Nun hob der BGH die Verurteilung des Medizinrechtlers auf und sprach ihn frei. Ein Abbruch einer lebenserhaltenden Behandlung auf der Grundlage des Patientenwillens sei nicht strafbar, entschieden die Richter am Freitag in Karlsruhe.
Die Bewertung des Landgerichts treffe nicht zu, wonach Putz sich durch seine Mitwirkung an der aktiven Verhinderung der Wiederaufnahme der Ernährung wegen versuchten Totschlags strafbar gemacht habe. Der BGH unterschied deutlich zwischen "der auf eine Lebensbeendigung gerichteten Tötung" und Verhaltensweisen, "die dem krankheitsbedingten Sterbenlassen mit Einwilligung des Betroffenen seinen Lauf lassen".
Mit diesem Grundsatzurteil stärkt der BGH das Recht auf menschenwürdiges Sterben: Der Abbruch lebenserhaltender Behandlungen ist künftig nicht mehr strafbar, wenn ein Patient dies in einer Verfügung festgelegt hat.
Dem Urteil zufolge kommt es nicht darauf an, ob der Abbruch durch aktive Handlungen erfolgt, also beispielsweise durch das Entfernen eines Ernährungsschlauchs. Die Einwilligung der Patientin "rechtfertigte nicht nur den Behandlungsabbruch durch bloßes Unterlassen weiterer Ernährung, sondern auch ein aktives Tun, das der Beendigung oder Verhinderung einer von ihr nicht oder nicht mehr gewollten Behandlung diente", heißt es in der offiziellen Mitteilung des BGH.
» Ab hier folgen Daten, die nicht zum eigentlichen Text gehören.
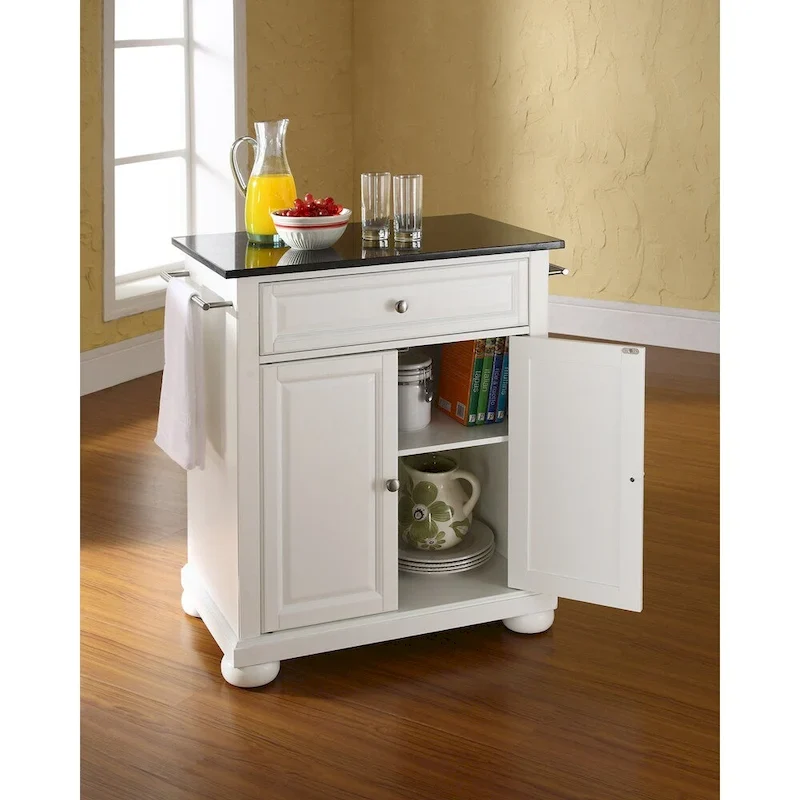 Solid Black Granite Top Portable Kitchen Island in White Finish - 18d x 31w x 33.5h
"Behandlungsabbruch" ist der zentrale Begriff
Ärzte dürfen dem Urteil zufolge auch dann lebensverlängernde Maßnahmen abbrechen, wenn der unmittelbare Sterbevorgang noch nicht begonnen hat. Auch bei bewusstlosen Patienten sei allein deren mutmaßlicher Wille entscheidend.
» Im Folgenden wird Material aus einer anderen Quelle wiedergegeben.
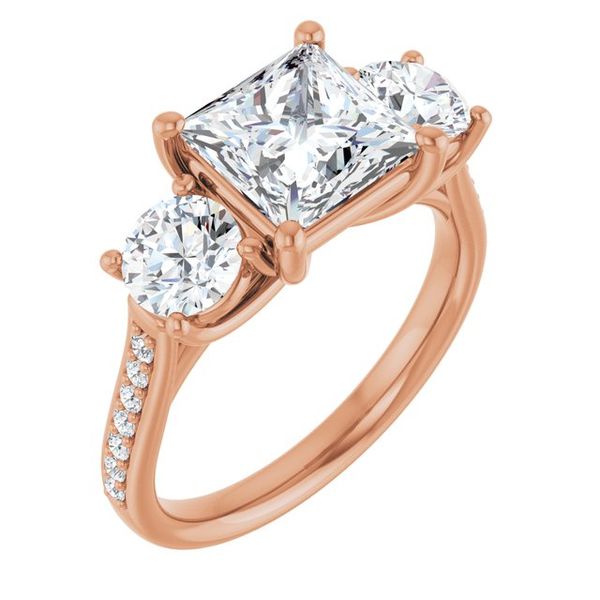 Accented Three-Stone Engagement Ring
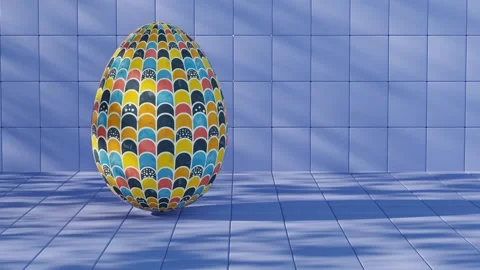 3D minimalist Easter egg design with a glass texture and retro wave elements, Stock Footage 297690022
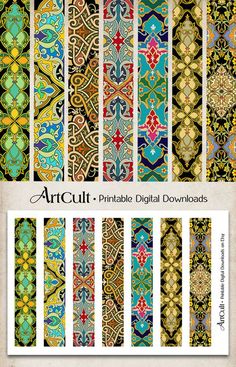 an assortment of different patterns and designs for the articut printable digital backgrounds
Der Begriff Behandlungsabbruch spielt eine zentrale Rolle in der Entscheidung. Erstmals gaben die Bundesrichter die Unterscheidung zwischen aktiver und passiver Sterbehilfe auf. Die Unterscheidung sei juristisch ungenau, sagte die Vorsitzende Ruth Rissing-van-Saan. Es hänge oft von Zufällen ab, ob eine lebensverlängernde Behandlung unterlassen oder später aktiv beendet werde. Der übergeordnete Begriff sei der Behandlungsabbruch - und der sei gerechtfertigt, wenn er dem Patientenwillen entspreche. Das entspreche dem neuen Gesetz zu Patientenverfügungen, das seit 1. September 2009 wirksam ist.
Sowohl Putz als auch die Staatsanwaltschaft waren nach der Fuldaer Entscheidung in Revision zum BGH gegangen - der Medizinrechtler hatte einen Freispruch gefordert, die Staatsanwälte eine härtere Strafe. In der mündlichen Verhandlung in Karlsruhe hatten die Anklagevertreter jedoch ebenso wie die Verteidigung auf Freispruch für den Rechtsanwalt plädiert.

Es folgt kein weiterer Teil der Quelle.